In the course of conducting his wintertime
catechism class in the rectory Jones noticed that far too many of his people
couldn't read. He begged money to provide salaries for schoolteachers, trained
them himself (they had to be godly but they didn't have to be Anglicans), and
then had them itinerate as Methodist ministers were to do so very effectively
two decades later. The teachers of these "Charity Schools" remained in
a village for three months at a time, instructing young and old alike
intensively, only then to move on to another village but of course to return in
order to move students ahead to the next level. The students weren't children
alone. Adults up to age 70 flooded the schools, soon to be freed gloriously as
only the ability to read frees the illiterate. For the first time in the history
of Wales servants, labourers and farm workers had access to books. The result
was startling, as Wales became the first territory in Europe to have a literate
peasantry.
Jones had early seen the pointlessness and
futility of having the Welsh people forced to learn in English when they had no
opportunity to speak the language with others who knew it well. People with
next-to-no English can't help those with no English to learn it. For this reason
Jones resolutely maintained that Welsh had to be the lingua franca, and
to this end translated thirty books himself from English to Welsh, these books
being the chief texts of his "Charity School" curriculum. Within 30
years 4,000 schools had been set up and 250,000 people enabled to read.

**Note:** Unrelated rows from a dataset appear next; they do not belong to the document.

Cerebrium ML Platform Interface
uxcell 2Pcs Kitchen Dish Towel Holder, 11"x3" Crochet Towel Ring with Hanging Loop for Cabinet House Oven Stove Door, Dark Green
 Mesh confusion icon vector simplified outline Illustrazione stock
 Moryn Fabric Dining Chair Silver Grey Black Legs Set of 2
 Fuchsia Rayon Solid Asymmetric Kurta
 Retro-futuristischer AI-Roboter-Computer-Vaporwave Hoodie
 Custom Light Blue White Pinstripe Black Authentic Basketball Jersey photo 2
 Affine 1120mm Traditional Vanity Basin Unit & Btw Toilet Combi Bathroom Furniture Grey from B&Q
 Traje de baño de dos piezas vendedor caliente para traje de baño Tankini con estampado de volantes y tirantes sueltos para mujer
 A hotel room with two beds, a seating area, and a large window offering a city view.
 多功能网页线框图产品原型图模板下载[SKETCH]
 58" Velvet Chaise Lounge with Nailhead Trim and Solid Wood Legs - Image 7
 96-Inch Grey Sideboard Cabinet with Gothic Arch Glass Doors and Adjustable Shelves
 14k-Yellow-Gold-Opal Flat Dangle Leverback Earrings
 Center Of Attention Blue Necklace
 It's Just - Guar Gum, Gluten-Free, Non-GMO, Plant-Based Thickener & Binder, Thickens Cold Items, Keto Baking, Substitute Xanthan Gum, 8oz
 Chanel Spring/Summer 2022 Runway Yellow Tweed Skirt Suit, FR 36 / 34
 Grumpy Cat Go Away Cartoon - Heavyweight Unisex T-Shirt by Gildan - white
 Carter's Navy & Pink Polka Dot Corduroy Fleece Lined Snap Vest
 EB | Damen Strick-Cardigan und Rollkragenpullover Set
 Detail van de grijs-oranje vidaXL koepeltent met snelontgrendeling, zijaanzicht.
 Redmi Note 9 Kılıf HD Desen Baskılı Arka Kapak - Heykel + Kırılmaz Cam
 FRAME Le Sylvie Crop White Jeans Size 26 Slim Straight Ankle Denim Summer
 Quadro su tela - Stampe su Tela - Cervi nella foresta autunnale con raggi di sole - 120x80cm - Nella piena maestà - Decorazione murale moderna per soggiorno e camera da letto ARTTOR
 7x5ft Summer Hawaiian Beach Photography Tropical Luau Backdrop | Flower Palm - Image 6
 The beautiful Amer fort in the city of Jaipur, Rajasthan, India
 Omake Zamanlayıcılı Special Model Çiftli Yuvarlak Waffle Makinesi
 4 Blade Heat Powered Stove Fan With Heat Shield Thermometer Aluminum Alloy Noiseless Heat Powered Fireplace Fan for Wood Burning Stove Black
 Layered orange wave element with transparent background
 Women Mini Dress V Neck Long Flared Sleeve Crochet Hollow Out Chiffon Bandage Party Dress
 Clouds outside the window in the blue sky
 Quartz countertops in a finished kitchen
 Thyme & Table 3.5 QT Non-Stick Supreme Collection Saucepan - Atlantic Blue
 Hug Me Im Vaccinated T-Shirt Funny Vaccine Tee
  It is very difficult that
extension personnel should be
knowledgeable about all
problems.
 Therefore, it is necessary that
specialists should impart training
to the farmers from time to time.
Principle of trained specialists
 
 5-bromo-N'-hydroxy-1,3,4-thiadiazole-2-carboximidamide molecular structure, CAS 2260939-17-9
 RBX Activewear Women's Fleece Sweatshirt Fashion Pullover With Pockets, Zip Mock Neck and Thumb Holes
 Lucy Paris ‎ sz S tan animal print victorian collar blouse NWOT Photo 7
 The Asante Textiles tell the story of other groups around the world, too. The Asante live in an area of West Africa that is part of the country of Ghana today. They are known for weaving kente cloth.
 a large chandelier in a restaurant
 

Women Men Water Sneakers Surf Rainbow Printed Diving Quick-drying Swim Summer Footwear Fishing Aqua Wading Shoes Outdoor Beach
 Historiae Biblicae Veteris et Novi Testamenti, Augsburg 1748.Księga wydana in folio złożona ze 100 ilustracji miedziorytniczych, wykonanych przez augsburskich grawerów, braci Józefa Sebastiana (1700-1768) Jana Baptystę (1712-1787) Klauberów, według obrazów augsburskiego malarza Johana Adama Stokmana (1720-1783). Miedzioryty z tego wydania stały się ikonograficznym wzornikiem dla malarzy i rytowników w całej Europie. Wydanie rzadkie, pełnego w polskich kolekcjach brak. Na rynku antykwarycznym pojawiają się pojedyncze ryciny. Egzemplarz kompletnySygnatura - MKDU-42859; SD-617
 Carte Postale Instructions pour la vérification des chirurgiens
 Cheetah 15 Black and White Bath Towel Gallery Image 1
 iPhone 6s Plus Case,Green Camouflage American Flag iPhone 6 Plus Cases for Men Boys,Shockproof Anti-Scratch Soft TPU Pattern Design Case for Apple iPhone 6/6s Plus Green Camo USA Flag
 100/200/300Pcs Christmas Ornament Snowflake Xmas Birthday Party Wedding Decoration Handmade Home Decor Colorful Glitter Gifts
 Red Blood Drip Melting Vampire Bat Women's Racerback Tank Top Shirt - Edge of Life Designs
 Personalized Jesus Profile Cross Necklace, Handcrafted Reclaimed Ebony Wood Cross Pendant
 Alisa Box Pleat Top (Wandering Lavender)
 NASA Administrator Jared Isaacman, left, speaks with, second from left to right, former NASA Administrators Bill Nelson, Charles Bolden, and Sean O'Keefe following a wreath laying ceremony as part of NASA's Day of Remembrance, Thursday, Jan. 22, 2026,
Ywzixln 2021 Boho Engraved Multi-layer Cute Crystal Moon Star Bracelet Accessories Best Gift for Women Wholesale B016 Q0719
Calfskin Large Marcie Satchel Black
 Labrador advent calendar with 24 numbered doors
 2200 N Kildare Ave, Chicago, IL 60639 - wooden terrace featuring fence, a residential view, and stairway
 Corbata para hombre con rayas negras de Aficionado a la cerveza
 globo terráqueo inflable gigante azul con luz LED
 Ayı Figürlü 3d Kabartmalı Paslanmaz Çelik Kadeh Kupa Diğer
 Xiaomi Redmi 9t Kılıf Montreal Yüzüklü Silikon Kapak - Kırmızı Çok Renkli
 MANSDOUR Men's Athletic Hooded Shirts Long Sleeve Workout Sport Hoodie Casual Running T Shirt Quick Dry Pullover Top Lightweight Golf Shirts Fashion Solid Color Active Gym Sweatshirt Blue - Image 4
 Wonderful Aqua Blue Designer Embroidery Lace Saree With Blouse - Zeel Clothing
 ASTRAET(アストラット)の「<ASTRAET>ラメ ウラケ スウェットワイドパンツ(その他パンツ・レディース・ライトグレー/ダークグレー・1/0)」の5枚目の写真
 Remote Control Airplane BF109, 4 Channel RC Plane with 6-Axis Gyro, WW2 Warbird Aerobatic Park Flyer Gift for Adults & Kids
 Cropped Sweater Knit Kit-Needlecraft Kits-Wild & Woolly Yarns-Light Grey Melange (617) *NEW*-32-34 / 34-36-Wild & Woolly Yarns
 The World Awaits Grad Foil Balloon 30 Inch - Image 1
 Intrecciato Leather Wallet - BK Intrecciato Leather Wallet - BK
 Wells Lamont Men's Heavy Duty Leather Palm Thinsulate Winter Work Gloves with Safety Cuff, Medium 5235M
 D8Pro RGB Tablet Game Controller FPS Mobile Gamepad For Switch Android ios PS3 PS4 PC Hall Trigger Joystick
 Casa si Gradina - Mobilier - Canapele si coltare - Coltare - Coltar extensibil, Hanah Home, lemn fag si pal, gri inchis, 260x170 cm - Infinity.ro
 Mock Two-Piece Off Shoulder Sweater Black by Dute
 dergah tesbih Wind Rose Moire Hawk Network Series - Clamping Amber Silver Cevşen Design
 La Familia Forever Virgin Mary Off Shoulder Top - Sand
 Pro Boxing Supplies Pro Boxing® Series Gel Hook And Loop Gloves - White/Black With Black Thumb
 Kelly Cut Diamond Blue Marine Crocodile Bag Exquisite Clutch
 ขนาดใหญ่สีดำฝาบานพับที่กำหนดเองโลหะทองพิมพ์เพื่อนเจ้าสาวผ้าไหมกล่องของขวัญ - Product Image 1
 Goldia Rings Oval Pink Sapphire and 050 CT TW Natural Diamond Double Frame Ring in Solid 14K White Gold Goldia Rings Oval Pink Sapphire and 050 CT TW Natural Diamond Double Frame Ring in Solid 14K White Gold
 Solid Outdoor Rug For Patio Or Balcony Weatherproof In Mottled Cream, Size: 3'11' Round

Jones maintained that not only did the gospel
address the whole person, thus rendering education an essential aspect of
Christian mission; education was essential for the fullest reception of the
gospel. In other words, education was as much the condition of evangelism as its
fruit, and therefore as much needed for people's salvation as for their
edification. Not surprisingly, he distributed over 30,000 bibles throughout the
land.
To this day Jones is deemed one of the makers
of modern Wales, and the single most significant factor in the purity and
preservation of the Welsh tongue.
Still, if he were able to speak to us now
concerning his greatest Kingdom-usefulness he would undoubtedly point not to
anything mentioned so far but rather to his three "sons in the
gospel": Daniel Rowland, Howell Harris and Howell Davies. It was these men
who, only a few years later, would ignite Wales at the same time as "the
threefold cord" torched England. Their "Calvinist Methodist
Church" -- Calvinist in theology yet Methodist in ethos and expression --
would typify the marvellous diversity of the 18th century revival, a
reflection, of course, of the diversity of the kingdom itself.